The insights gained from this methodology are not just diagnostic; they are prescriptive for urban planning and heritage management, particularly in addressing safety:

  • Targeted Interventions: The identification of areas with poor accessibility, visibility, or perceived safety allows for tailored planning suggestions. For instance, interventions focusing on improving access to the Tiber River or Monte Testaccio could be prioritized to enhance public safety and engagement.
  • Community-Led Safety Improvements: The methodology aligns with participatory planning processes by identifying what the public values and where they experience challenges. This bottom-up perspective can inform initiatives like a “street museum” using street art to transform physical barriers into communal spaces, fostering a sense of ownership and potentially improving safety through increased activity and community care. Cleaning-up campaigns and installing recreational facilities along riverbanks, led by the local community, can also make these areas safer and more actively used.
  • Iterative Monitoring for Long-Term Safety: The proposed methodology suggests an “abductive and iterative system” with a data-driven feedback mechanism. By continuously collecting and analyzing freshly added posts, planners can observe how interventions (e.g., those designed to improve safety or accessibility) gradually alter both physical spaces and their “digital twin”. This allows for ongoing assessment of the impact of safety initiatives and adaptation of strategies over time.

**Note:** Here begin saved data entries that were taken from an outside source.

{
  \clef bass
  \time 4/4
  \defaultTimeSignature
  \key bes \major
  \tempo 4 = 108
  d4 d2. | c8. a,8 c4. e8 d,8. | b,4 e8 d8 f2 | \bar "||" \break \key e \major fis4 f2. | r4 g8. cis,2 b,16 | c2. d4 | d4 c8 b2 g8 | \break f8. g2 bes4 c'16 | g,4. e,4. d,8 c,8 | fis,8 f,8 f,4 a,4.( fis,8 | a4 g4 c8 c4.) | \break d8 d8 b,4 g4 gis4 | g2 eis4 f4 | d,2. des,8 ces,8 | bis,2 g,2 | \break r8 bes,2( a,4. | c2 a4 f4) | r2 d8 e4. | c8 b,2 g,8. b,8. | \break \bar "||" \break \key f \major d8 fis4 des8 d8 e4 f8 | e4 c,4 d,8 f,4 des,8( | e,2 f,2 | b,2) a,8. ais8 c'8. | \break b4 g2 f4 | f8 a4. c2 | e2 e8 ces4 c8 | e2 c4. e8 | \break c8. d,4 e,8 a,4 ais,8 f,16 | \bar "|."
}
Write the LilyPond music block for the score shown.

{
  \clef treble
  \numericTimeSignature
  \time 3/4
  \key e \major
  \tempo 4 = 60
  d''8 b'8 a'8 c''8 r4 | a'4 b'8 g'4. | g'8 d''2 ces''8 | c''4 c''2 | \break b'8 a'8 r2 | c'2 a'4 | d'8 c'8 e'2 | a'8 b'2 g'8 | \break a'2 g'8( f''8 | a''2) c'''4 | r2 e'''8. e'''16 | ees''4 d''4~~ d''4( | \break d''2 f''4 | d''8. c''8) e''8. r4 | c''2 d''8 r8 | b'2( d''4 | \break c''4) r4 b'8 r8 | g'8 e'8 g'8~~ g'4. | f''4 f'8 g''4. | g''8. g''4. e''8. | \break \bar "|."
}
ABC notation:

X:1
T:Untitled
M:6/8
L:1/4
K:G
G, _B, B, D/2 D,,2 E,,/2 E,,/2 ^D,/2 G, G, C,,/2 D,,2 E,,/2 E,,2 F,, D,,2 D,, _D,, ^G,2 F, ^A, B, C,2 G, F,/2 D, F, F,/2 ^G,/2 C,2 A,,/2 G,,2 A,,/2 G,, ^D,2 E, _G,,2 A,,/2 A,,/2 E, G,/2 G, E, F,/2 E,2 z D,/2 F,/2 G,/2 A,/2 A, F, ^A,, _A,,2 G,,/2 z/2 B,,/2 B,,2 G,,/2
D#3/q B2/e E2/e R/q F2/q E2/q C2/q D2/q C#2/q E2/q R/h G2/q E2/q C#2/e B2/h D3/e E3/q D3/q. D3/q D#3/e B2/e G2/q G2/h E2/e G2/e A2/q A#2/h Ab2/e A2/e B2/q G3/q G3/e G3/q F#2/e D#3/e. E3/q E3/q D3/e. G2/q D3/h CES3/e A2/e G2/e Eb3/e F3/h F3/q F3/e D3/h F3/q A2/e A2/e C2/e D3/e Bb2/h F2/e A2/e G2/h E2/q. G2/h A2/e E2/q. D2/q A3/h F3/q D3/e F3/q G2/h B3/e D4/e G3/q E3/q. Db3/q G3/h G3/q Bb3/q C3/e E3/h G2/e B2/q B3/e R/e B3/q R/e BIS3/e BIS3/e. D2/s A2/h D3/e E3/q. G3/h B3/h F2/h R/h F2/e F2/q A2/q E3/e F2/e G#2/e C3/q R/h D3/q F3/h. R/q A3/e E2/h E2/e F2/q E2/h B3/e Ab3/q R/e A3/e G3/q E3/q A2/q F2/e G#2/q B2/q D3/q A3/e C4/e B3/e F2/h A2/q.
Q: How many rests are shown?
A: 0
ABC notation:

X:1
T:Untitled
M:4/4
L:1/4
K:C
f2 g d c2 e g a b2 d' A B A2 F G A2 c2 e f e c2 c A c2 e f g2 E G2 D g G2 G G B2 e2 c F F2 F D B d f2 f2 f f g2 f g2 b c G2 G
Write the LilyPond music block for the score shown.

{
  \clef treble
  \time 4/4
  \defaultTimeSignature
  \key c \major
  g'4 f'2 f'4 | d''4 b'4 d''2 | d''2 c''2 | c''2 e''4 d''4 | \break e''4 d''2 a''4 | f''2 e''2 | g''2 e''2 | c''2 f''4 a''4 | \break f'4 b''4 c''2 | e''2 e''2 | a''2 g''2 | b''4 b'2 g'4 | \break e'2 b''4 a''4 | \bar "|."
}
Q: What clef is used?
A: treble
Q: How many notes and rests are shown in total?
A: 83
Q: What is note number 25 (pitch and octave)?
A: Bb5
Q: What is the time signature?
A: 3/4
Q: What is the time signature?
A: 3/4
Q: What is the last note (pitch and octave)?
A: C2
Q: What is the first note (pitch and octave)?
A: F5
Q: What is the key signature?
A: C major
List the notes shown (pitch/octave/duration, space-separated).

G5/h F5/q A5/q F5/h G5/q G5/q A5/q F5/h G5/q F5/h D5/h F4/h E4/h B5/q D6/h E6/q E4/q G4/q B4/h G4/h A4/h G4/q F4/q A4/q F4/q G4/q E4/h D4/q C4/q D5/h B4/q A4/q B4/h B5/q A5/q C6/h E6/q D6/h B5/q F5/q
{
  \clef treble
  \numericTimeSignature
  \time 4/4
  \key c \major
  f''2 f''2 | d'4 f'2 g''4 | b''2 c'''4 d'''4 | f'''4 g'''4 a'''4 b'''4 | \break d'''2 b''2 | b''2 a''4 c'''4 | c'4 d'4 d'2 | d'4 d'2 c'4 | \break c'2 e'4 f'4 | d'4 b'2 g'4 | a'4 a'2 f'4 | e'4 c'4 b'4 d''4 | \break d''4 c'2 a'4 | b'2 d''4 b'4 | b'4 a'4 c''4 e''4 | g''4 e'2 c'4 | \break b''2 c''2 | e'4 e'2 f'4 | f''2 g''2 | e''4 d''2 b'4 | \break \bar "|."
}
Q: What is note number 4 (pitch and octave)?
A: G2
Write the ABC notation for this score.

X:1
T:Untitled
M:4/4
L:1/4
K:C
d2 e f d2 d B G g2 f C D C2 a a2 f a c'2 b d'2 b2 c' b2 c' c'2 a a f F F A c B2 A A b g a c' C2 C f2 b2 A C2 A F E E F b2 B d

Important Considerations for Implementation

It’s crucial to acknowledge that relying solely on social media data has limitations. The digital divide means that not all demographics are equally represented on these platforms, potentially leading to biases. Therefore, this AI-aided social media analysis should always be integrated with a mixed-methods approach, combining qualitative and quantitative knowledge from interviews, surveys, observations, and participatory workshops to ensure comprehensive and equitable safety assessments.

Conclusion

The application of AI to user-generated social media data provides a powerful and innovative tool for understanding the public’s perception of urban heritage. More importantly, it offers a novel way to diagnose and address safety and accessibility issues within historic urban landscapes. By integrating these digital insights with traditional field research and fostering community participation, cultural heritage professionals can move towards more inclusive, responsive, and ultimately safer management of our invaluable urban heritage.